Radikalisierung für die Räterepublik
Im März 1919 unternehmen Mitglieder von Spartakusbund und USPD weitere Anstrengungen für eine „Sozialistische Braunschweiger Räterepublik“. Eine Urabstimmung ergibt bei schwacher Beteiligung eine knappe Mehrheit für die Räterepublik. Bei den Wahlen zum Landes-Arbeiterrat, der von allen produktiv Tätigen ab 20 Jahre gewählt wird, erhält die USPD 42 Sitze, MSPD 20, DDP 2 und BLW 2 Sitze.
Die Auseinandersetzungen um die Frage nach Parlamentarismus oder Räterepublik führen zu einer weiteren Aufspaltung der Sozialisten. Im März gründet sich eine braunschweiger Ortsgruppe der KPD.

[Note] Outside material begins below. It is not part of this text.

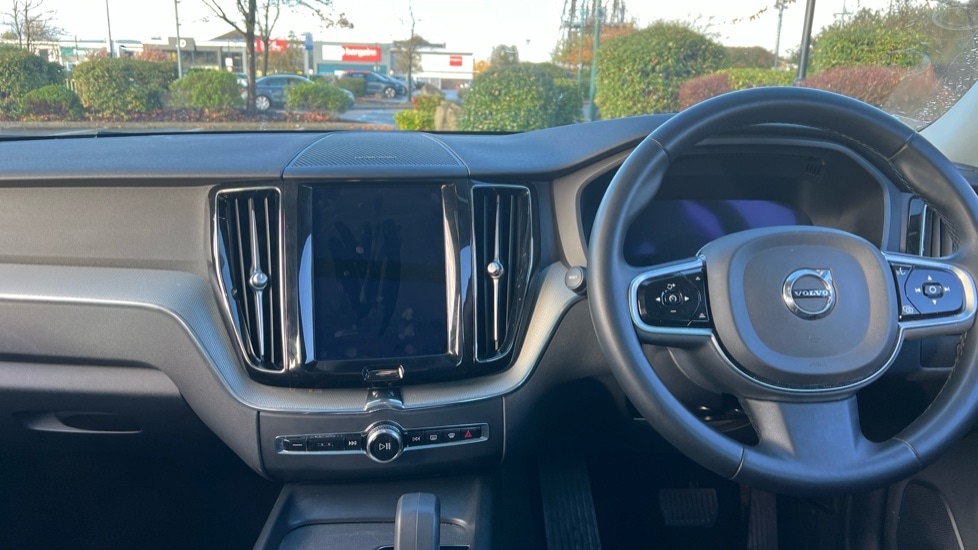 Used Volvo XC60 2023 for sale - 76587061: Photo 22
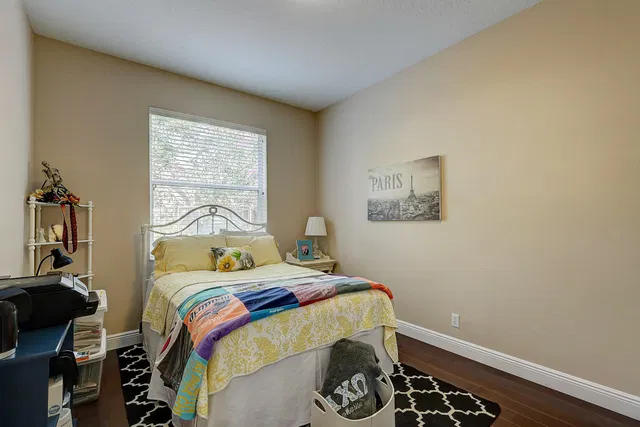 Residence photo 35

Am 09.04.1919 rufen die Spartakisten auf dem Schlossplatz den Generalstreik aus. Ziel ist der Sturz der braunschweigischen Koalitionsregierung und die Errichtung einer Räteregierung.

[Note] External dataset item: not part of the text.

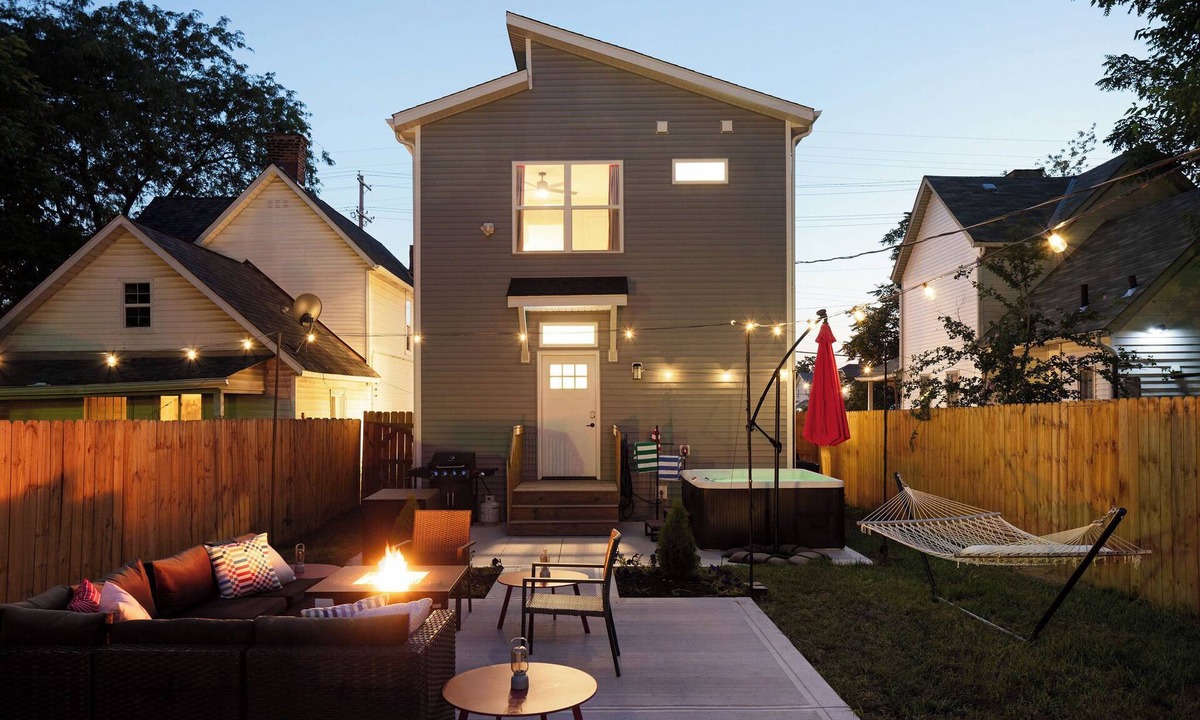 Columbus House | Hot Tub - Mins to Short North - Retro Game Room - New Construction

• Alle Macht den Arbeiterräten
• Absetzung der „Mörder-Regierung“ Ebert/Scheidemann
• Anschluss an die Russische Räterepublik
• Auflösung der Nationalversammlung und sämtlicher Landesversammlungen
• Bewaffnung der Arbeiterschaft
• Befreiung aller politischen Gefangenen
• Sofortige Sozialisierung durch Einführung von Betriebsräten
• Auflösung aller Freikorps
• Schaffung eines Volksheeres


Das Ende der Räterepublik in Braunschweig
Das Braunschweiger Bürgertum antwortet auf den Generalstreik mit umfassenden Boykottmaßnahmen. Die Reichsregierung verhängt den Belagerungszustand über Braunschweig. Am 17.04.1919 wird Braunschweig durch das Freikorps von General Maercker besetzt. Der Arbeiter- und Soldatenrat Braunschweig leistet keine Gegenwehr – in anderen Städten kommt es hingegen zu blutigen Auseinandersetzungen.
Obwohl die braunschweigische Landesregierung die Beendigung der Streiks erreicht hatte, wird sie von der Reichsregierung abgesetzt. Der Landtag wählt eine neue Regierung.

Auf Reichsebene sind die Weichen bereits früher gestellt worden. Im Dezember 1918 stimmt der erste Reichsrätekongress für eine Wahl zur Nationalversammlung und nicht für ein Rätesystem als Grundlage der Verfassung. Damit hatten sich die Räte praktisch selbst entmachtet.
Die drei Delegierten aus Braunschweig, der Vorsitzende des Arbeiter- und Soldatenrats Emil Schütz, der 31jährige Wilhelm Reupke aus Bad Harzburg und der 63jährige Zigarrenfabrikant Heinrich Wassermann aus Schöningen, alle USPD, hatten gegen die Einberufung einer Nationalversammlung gestimmt.
Die Nationalversammlung wird im Januar 1919 gewählt und tritt in Weimar zusammen, wo sie am 31.07.1919 die Weimarer Verfassung verabschiedet.